* _Records from a dataset_:
■ ■ ■
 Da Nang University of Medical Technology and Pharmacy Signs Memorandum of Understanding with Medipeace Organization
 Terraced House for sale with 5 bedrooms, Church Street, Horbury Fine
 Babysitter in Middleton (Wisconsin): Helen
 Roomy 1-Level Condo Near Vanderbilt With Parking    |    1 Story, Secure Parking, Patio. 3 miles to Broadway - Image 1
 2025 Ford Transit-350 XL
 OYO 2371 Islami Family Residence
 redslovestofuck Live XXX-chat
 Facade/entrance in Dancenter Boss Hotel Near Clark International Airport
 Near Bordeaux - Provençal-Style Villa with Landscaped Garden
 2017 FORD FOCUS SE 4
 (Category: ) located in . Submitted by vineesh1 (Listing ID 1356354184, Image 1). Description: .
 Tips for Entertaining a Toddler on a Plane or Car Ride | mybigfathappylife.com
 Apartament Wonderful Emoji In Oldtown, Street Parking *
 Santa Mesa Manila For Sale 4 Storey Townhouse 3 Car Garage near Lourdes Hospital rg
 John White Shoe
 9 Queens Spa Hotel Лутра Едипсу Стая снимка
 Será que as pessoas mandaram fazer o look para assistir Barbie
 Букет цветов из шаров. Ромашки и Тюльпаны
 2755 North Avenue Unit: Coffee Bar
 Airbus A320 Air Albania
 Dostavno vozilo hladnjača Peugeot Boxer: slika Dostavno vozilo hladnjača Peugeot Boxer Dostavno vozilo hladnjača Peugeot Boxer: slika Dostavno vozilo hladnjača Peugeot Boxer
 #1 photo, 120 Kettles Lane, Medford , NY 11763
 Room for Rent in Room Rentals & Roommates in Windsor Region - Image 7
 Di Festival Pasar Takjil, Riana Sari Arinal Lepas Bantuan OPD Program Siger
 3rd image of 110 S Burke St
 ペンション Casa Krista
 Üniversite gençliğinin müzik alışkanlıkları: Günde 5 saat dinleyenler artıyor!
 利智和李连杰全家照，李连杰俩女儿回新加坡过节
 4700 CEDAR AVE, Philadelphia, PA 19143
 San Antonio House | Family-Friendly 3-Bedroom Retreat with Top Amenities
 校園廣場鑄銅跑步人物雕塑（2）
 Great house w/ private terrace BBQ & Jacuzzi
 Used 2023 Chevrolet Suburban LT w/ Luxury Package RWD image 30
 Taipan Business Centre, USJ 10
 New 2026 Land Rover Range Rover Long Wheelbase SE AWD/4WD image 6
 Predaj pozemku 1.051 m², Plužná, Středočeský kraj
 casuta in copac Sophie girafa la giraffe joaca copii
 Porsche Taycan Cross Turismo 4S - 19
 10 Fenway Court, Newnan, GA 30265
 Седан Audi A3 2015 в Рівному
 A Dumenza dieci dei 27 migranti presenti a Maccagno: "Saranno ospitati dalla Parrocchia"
■ ■ ■
* _What you are asked to do_:
What you return must match, line for line, the data from the line containing "Седан Audi A3 2015 в Рівному" to its end, both ends included.

* _Answer area_:
 Седан Audi A3 2015 в Рівному
 A Dumenza dieci dei 27 migranti presenti a Maccagno: "Saranno ospitati dalla Parrocchia"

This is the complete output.